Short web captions
-=-=-=-=-
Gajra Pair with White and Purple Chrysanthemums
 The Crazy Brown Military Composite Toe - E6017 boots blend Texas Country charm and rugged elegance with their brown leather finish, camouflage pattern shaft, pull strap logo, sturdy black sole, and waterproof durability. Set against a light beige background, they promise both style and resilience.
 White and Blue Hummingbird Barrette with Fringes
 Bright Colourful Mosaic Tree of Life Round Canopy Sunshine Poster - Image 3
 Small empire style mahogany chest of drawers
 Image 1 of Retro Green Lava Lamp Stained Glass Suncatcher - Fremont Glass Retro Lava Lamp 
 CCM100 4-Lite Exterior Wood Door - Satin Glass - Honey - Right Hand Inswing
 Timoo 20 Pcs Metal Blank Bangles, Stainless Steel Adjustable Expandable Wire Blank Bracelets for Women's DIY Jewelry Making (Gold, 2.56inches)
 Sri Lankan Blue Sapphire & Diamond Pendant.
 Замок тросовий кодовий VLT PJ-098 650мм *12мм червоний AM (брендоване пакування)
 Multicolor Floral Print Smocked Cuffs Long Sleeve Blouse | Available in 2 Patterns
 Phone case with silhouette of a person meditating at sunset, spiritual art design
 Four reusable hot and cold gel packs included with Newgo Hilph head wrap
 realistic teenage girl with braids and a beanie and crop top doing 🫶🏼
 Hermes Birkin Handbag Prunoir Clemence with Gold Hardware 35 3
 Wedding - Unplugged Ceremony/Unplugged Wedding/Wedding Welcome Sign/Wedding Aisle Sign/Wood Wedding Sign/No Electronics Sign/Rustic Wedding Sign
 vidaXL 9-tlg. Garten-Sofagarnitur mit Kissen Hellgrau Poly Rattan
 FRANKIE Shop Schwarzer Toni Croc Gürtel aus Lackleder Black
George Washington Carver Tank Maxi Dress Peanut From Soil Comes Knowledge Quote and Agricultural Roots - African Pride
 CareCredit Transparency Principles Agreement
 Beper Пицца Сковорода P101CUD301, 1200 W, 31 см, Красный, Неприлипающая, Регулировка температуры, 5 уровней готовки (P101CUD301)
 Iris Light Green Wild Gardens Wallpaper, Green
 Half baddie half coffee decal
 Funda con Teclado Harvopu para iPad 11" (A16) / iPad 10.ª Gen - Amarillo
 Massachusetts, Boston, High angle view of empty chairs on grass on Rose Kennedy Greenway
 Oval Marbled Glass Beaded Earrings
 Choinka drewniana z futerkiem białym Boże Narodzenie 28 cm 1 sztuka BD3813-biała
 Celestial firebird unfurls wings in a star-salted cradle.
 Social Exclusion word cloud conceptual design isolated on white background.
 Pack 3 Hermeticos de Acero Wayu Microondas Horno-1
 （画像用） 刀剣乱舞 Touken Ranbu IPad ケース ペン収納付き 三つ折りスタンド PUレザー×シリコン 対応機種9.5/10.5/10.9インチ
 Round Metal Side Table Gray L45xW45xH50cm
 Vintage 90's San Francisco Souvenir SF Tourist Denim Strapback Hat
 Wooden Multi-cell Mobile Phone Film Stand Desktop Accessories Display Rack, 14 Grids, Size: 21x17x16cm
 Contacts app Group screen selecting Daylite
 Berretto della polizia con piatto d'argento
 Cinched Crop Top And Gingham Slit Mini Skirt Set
-=-=-=-=-
Try it:
Nothing but an exact copy of the lines from the first one above through the line holding "The Crazy Brown" should be returned.

Output for this task:
Gajra Pair with White and Purple Chrysanthemums
 The Crazy Brown Military Composite Toe - E6017 boots blend Texas Country charm and rugged elegance with their brown leather finish, camouflage pattern shaft, pull strap logo, sturdy black sole, and waterproof durability. Set against a light beige background, they promise both style and resilience.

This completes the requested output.